I have been very busy bringing on new property - largely stimulated by the promise of lots of euros in a company sales incentive.  A couple of weeks ago, a lady rang me up.  A friend of a friend had recommended me.  It is a good thing I was sitting down when I heard the name of the friend because it was a former seller with whom I had endured a tortured ten month sale at the end of which, and in front of the notary, he had refused to pay more than fifty percent of the agency fees.  I have mentally stuck him full of pins over the intervening two years.  The lady said I must come and sell her house so I went to see it.

The gardens were stupendous, with rhododendrons and arum lilies and palms and tree ferns and huge fish ponds, a lake and wonderful arboretum.  The passion of the lady's husband, now shuffled off this mortal coil.  Inside the house was rather horrific.  Brown wood absolutely everywhere.  The three gites, let out for an average of 350 - 450 a week, were not somewhere I would even overnight.  The bathroom suite was avocado.  The wallpaper was tartan or Tarzan.  Some of the ceilings were drooping, showing the laths underneath.  We sat on the terrace under the bignone  (see pic) and she showed me photos of the garden in all months of the year.  Eight foot high daturas.  Azaleas. Bamboo. This was one of the rare properties where I have thought - yes, we would have bought this....

So, when an English couple rang and said they were looking for somewhere for themselves and their four children and the mother in law, I sent them the pictures and the lady rang me up.  I raved about the gardens and how they could walk to the river, and the lake, and the peace and quiet and no car noise or dog noise or break ins (they live in Essex) and we booked an appointment.  'I am 40 something' said the lady 'and I haven't lived'.  I thought of the owner of the house, 40 years and had never travelled other than vicariously through her visitors.  One trip to Italy on her honeymoon and decided she didn't like abroad. Would her house resonate with the English lady?

I spent the morning with a lady who showed me her house, told me about many things completely unrelated to her house, made me coffee, let me measure up and take photos, before telling me that she was suing the former owner for having not declared that the electric was dodgy, the heating didn't work, there were termites in the house etc.  I had been getting my sales contract form out of its case.  I put it back in.  Either she sells the house or she sues the former owner.  You cant do both.  Suing the former owner can take up to three years and even if she wins, there is no guarantee that the former seller, who is in his 70's, would pay her a penny.  She said she would have to think about it and would ring her advocate.  I said, in my experience, the only thing advocates were interested in were their fees.  Left, feeling hacked off.

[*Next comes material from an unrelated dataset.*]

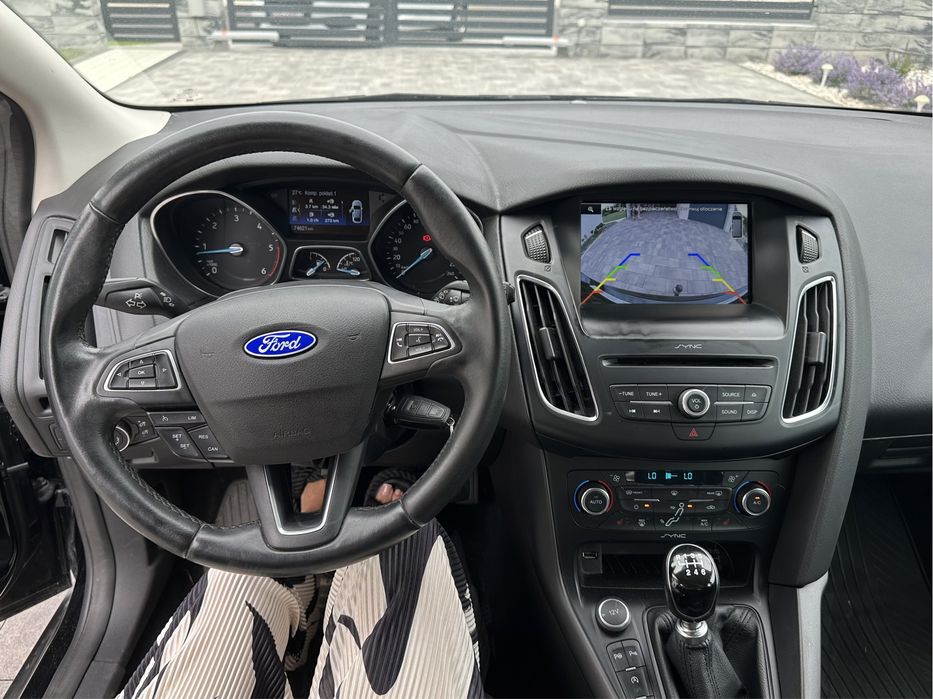 Ford focus 1.5 Tdci 85 tys przebieg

Back home and had lunch and siesta and then it was time to run out to meet the English couple.  They were a very long time.  The man had never driven in France before.  The lady had never been on a plane (or a boat).  She was white and shaking and had cried all of the way over.  They had a quick drag on their roll up cigs and then we went to the house.  I decided to start off with the gardens and grounds.  No point in horrifying them too early with the inside. They were enchanted.  We then went in the first gite 'oh my God' exclaimed the lady 'it's a dive!!'.  I am not sure what the man thought because OH whipped him around the outside to show him that the roof was new and in good condition.  

Went to look for a bar and everything was shut so took them back to the motorway and they left to go to their hotel about an hour away.  Had beer and pizza in the garden and listened to the birds singing in their roosting places and the moon shone three quarters in the blue and paling skies.

Will the lady have the guts to go for France?  Is her OH up for the renovation? Will the fact that the price is 100k lower than anything else they are looking at have major impact on their deliberations?  The moon had no answers so we went in and left the evening fold gently over our house.